What needs to be done.
From start to end, write out the following data exactly, apart from its images.

── Recorded information

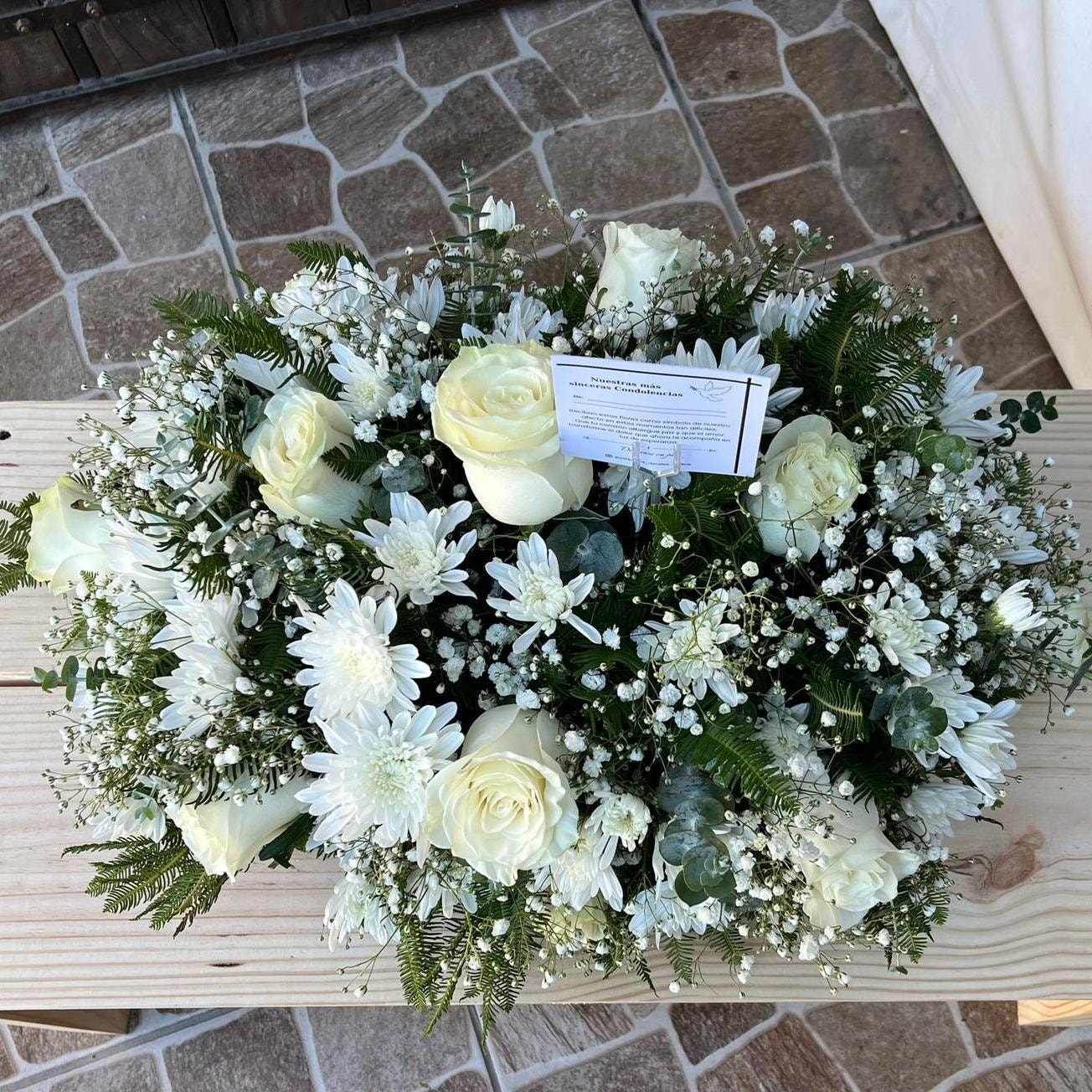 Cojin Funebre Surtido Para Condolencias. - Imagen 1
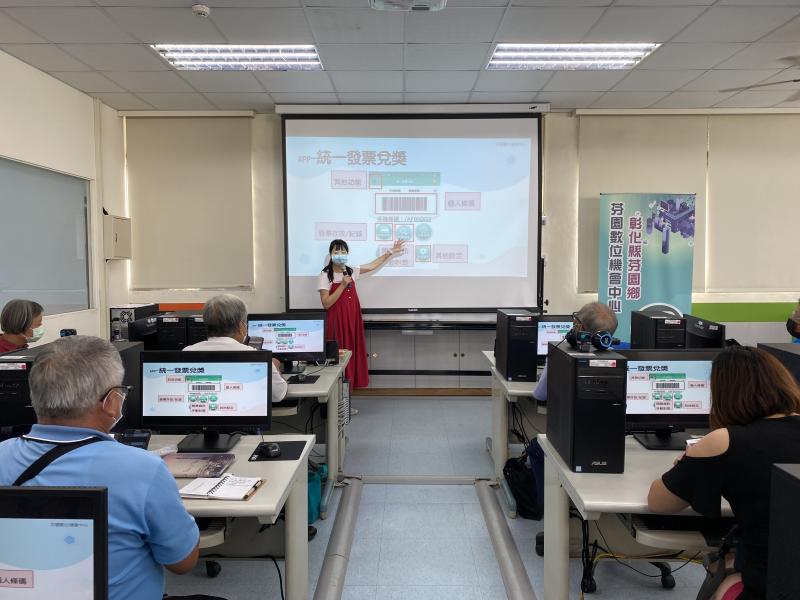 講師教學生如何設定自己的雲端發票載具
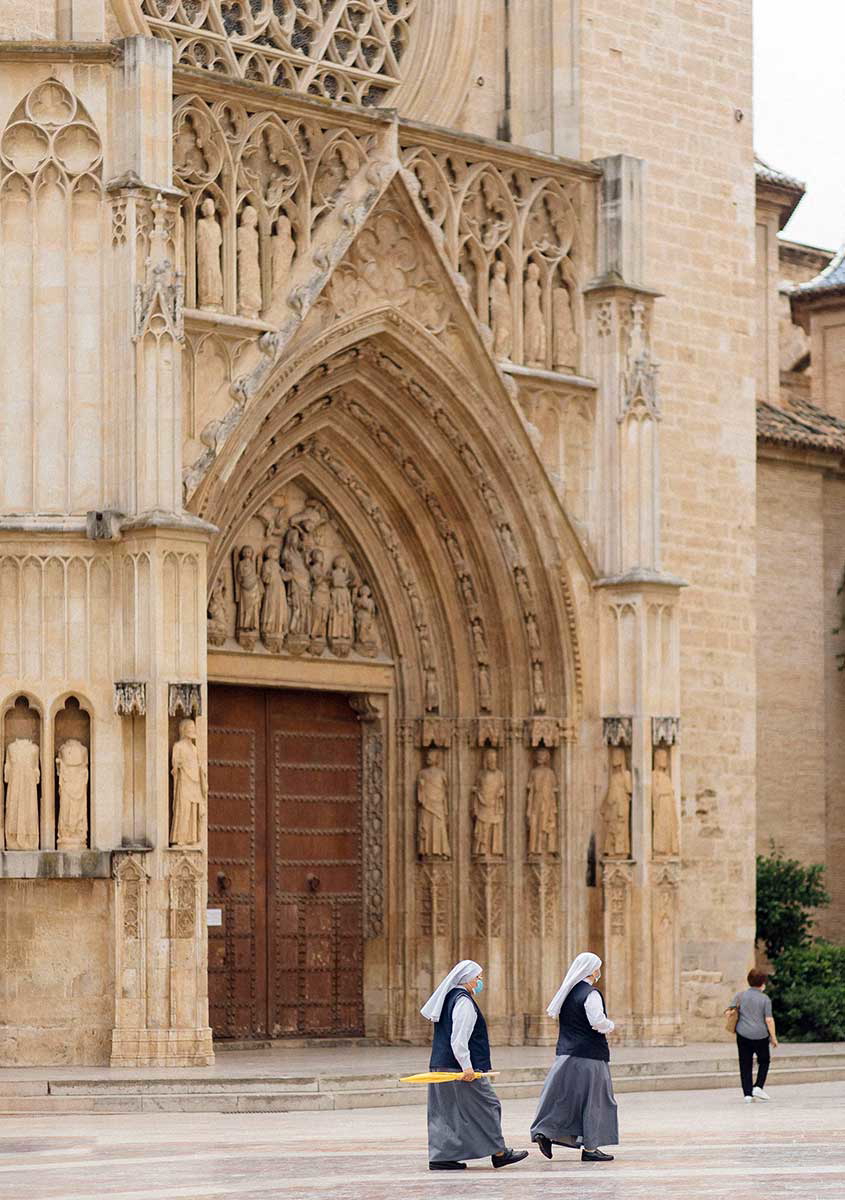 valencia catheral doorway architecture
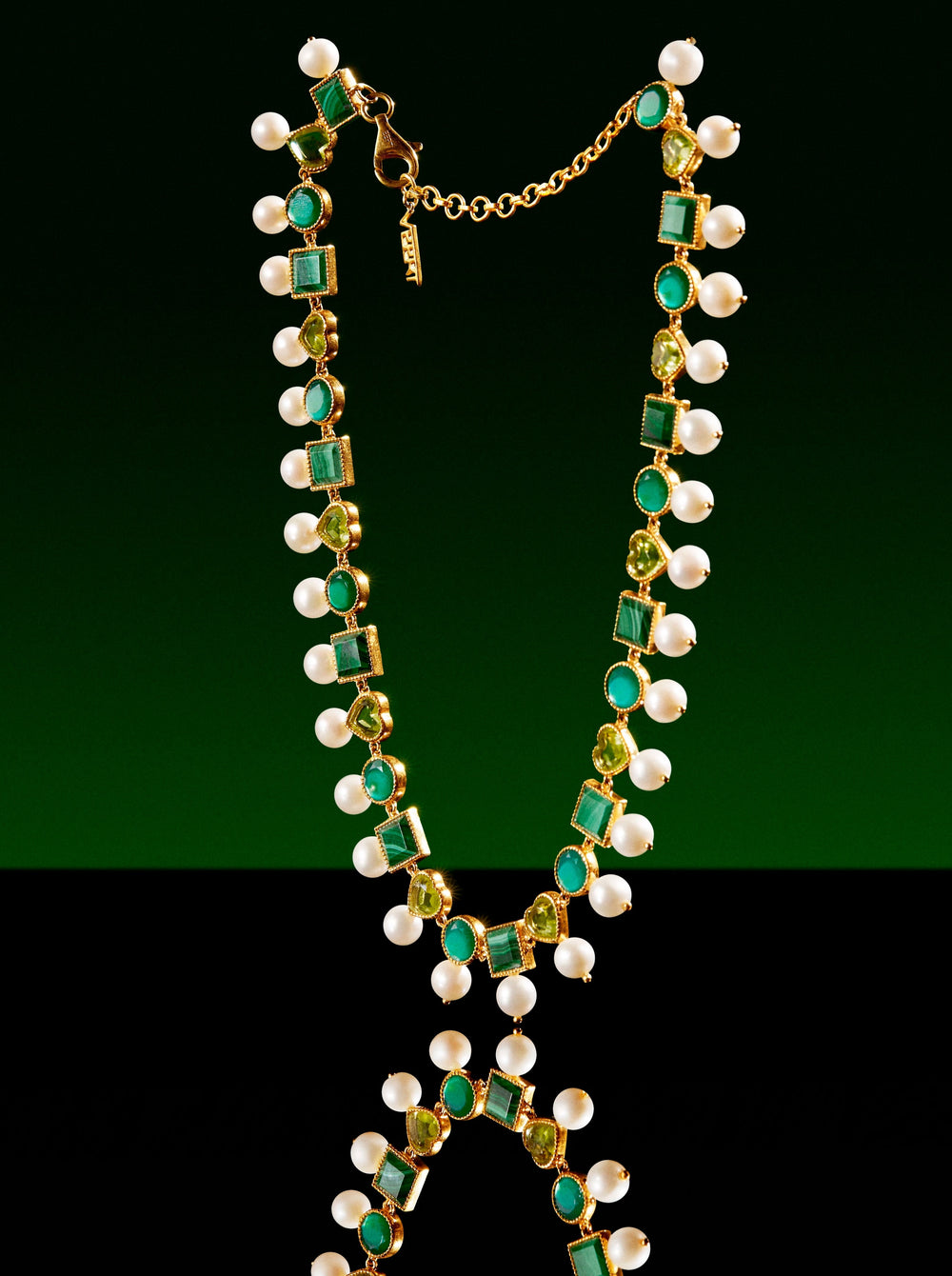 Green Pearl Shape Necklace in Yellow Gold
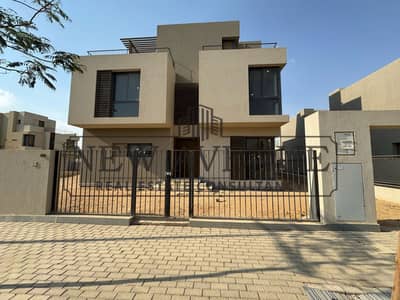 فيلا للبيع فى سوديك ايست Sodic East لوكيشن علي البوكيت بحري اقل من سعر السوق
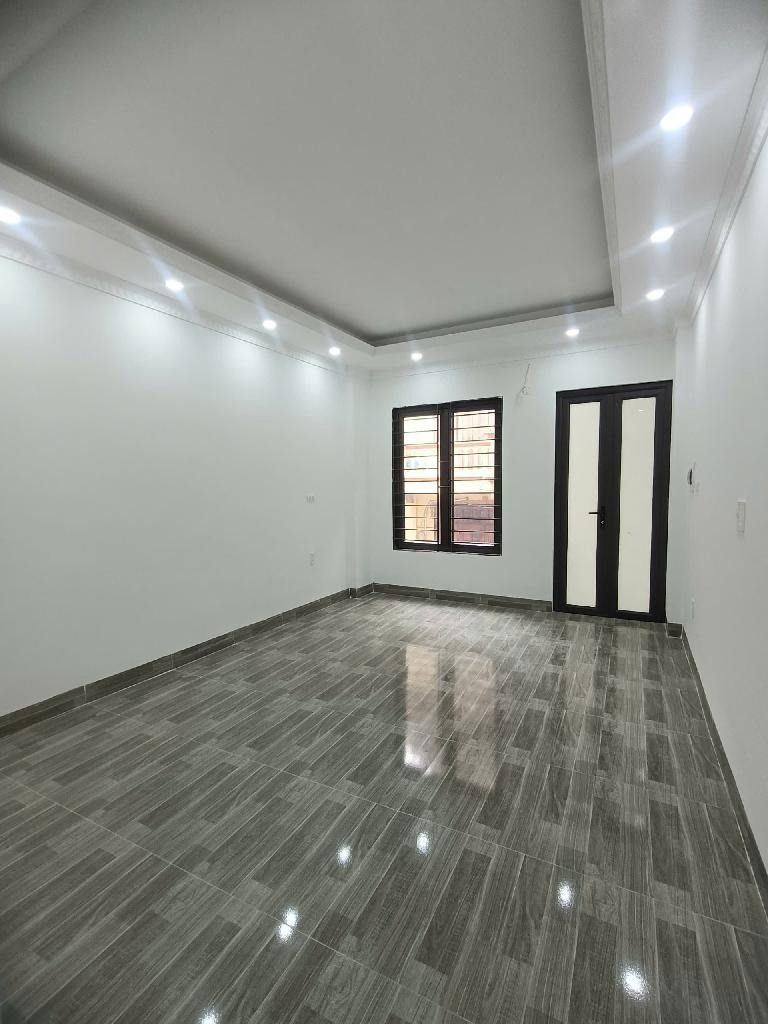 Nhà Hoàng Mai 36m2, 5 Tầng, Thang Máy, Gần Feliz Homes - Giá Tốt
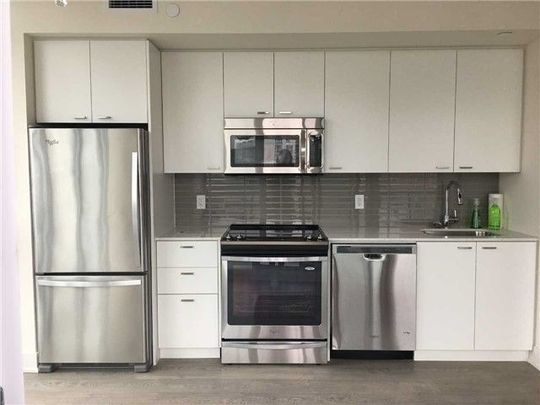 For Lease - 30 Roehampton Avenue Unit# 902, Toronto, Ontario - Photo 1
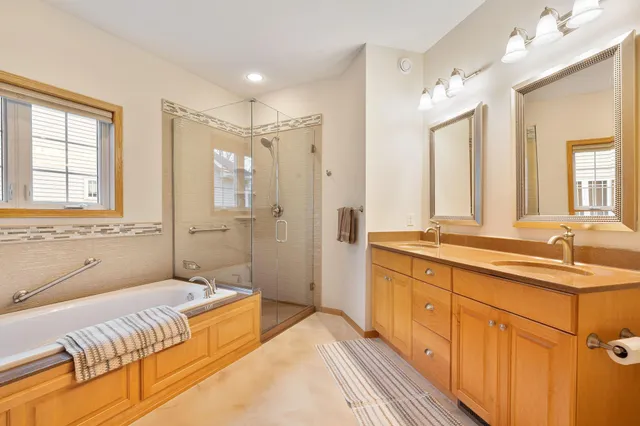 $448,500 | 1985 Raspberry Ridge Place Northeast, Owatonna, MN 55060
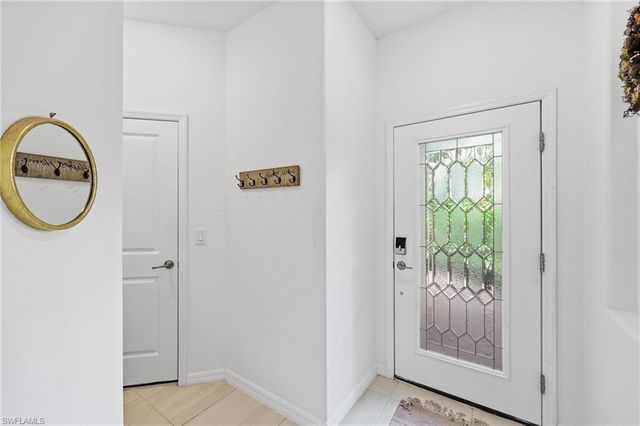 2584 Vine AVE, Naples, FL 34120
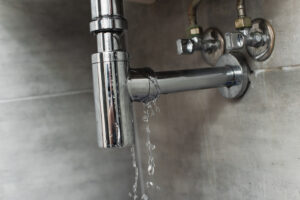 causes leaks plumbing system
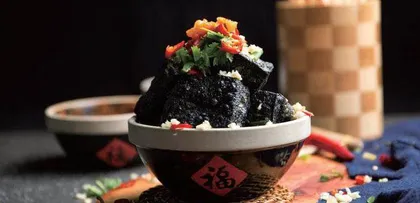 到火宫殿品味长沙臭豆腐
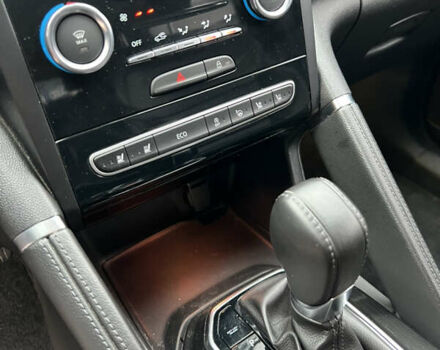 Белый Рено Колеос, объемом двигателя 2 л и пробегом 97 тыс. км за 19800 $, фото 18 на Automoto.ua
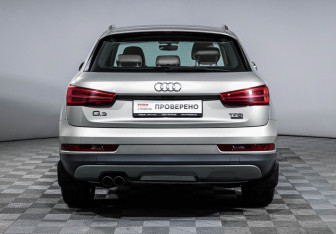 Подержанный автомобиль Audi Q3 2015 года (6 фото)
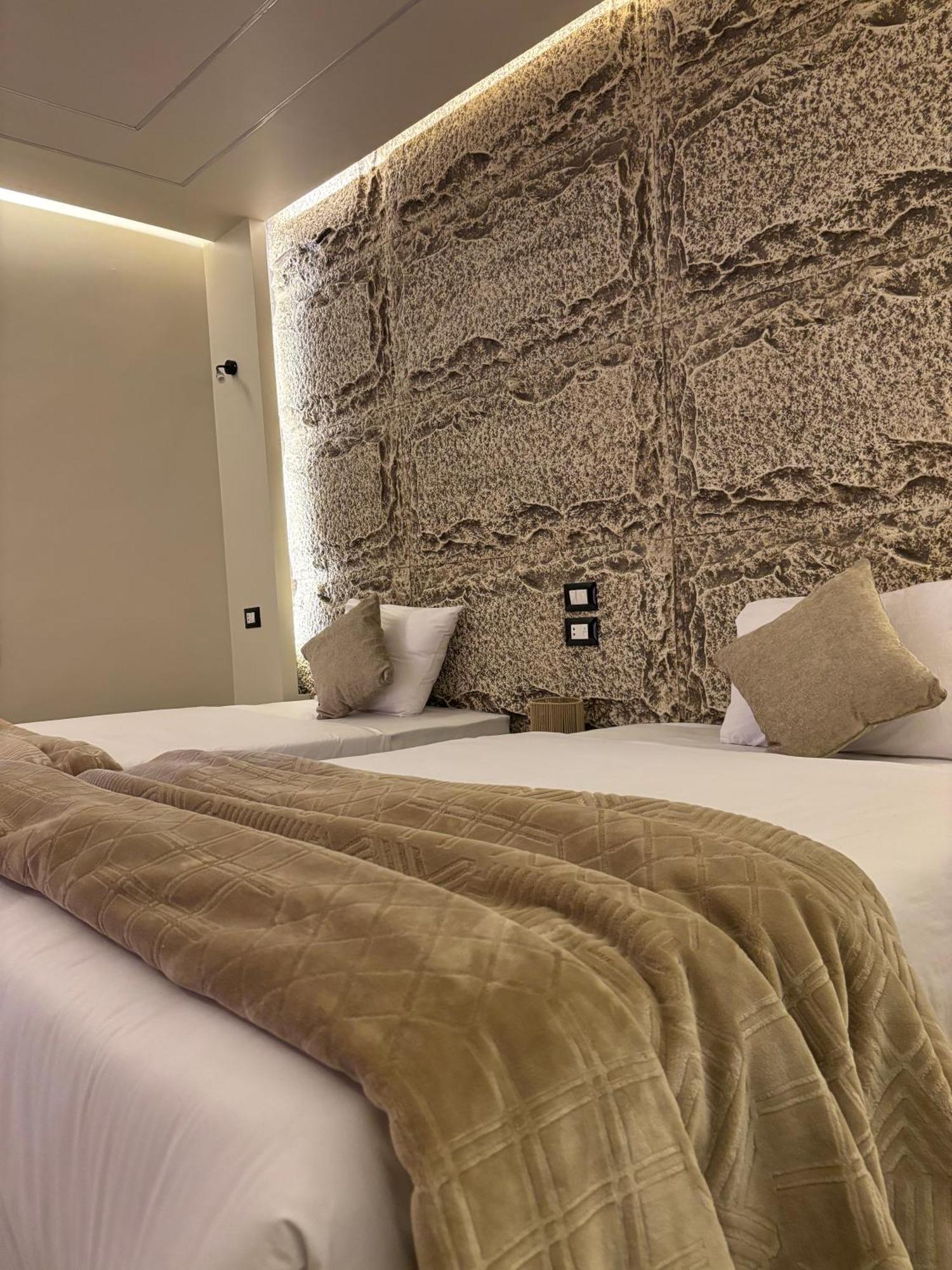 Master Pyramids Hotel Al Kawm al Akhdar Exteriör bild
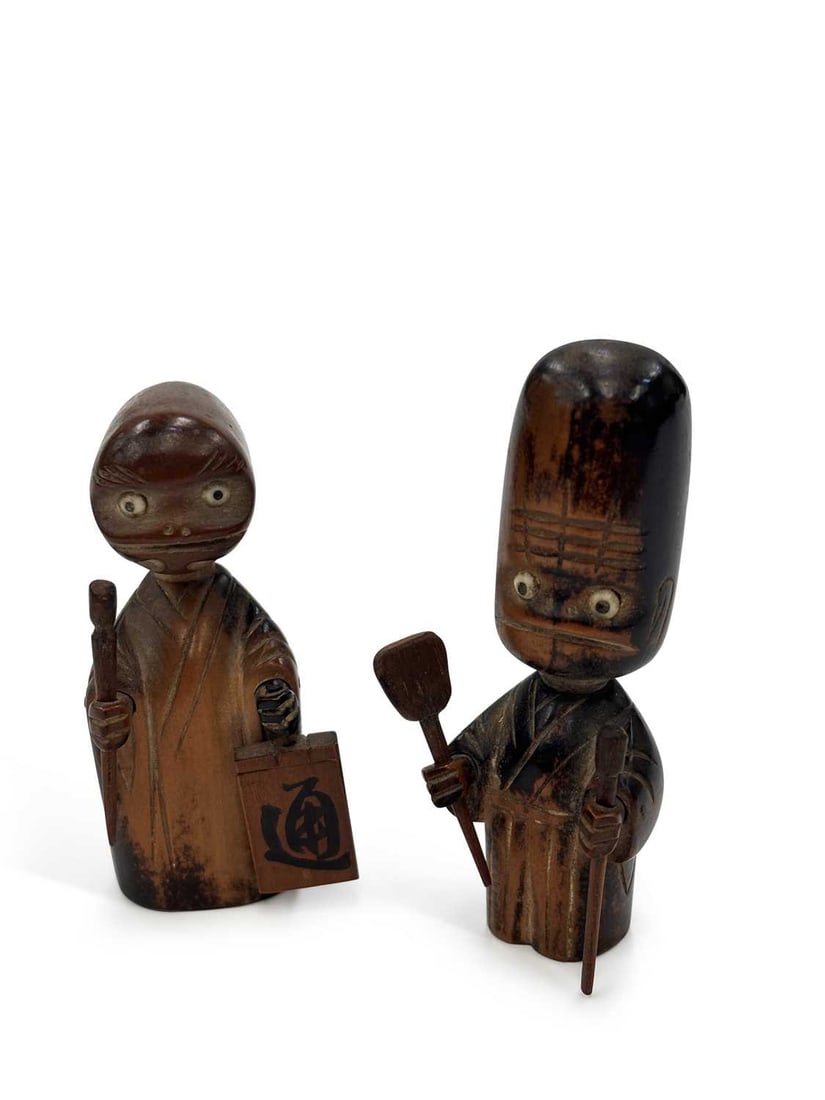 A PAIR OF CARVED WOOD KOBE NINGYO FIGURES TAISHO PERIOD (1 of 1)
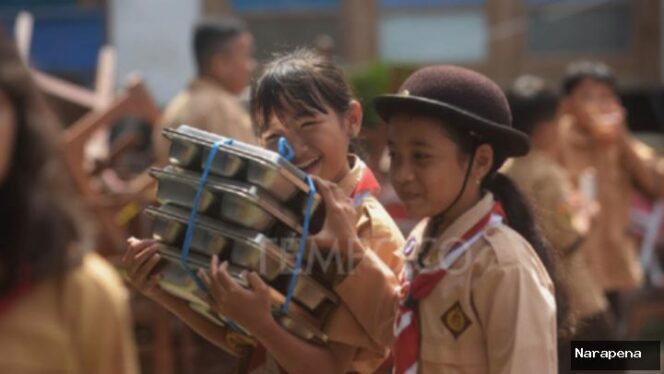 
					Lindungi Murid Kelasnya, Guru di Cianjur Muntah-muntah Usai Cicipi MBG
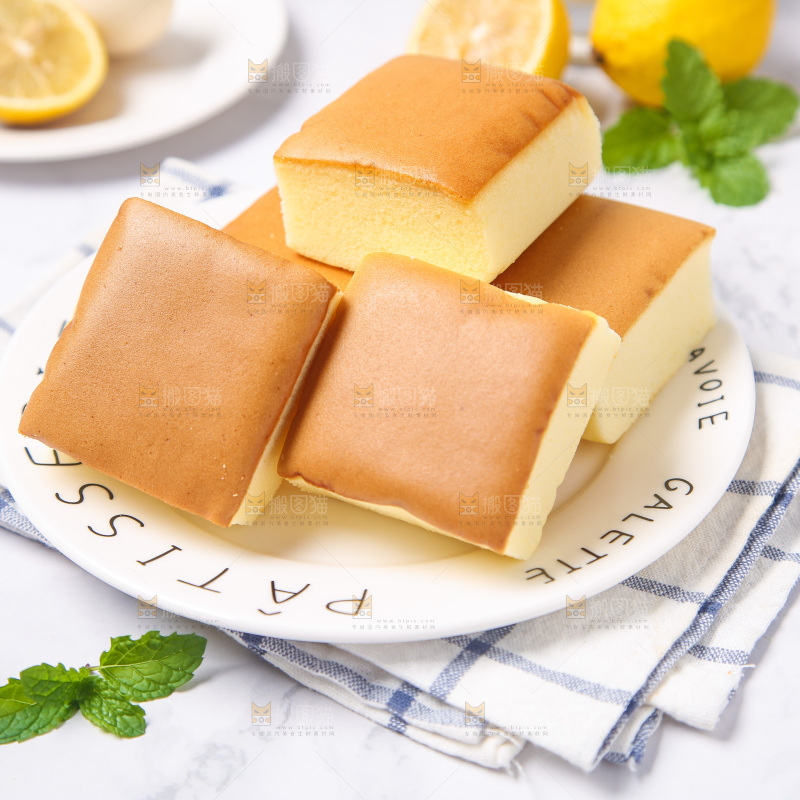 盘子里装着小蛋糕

────

Reply.
 Cojin Funebre Surtido Para Condolencias. - Imagen 1
 講師教學生如何設定自己的雲端發票載具
 valencia catheral doorway architecture
 Green Pearl Shape Necklace in Yellow Gold
 فيلا للبيع فى سوديك ايست Sodic East لوكيشن علي البوكيت بحري اقل من سعر السوق
 Nhà Hoàng Mai 36m2, 5 Tầng, Thang Máy, Gần Feliz Homes - Giá Tốt
 For Lease - 30 Roehampton Avenue Unit# 902, Toronto, Ontario - Photo 1
 $448,500 | 1985 Raspberry Ridge Place Northeast, Owatonna, MN 55060
 2584 Vine AVE, Naples, FL 34120
 causes leaks plumbing system
 到火宫殿品味长沙臭豆腐
 Белый Рено Колеос, объемом двигателя 2 л и пробегом 97 тыс. км за 19800 $, фото 18 на Automoto.ua
 Подержанный автомобиль Audi Q3 2015 года (6 фото)
 Master Pyramids Hotel Al Kawm al Akhdar Exteriör bild
 A PAIR OF CARVED WOOD KOBE NINGYO FIGURES TAISHO PERIOD (1 of 1)
					Lindungi Murid Kelasnya, Guru di Cianjur Muntah-muntah Usai Cicipi MBG
 盘子里装着小蛋糕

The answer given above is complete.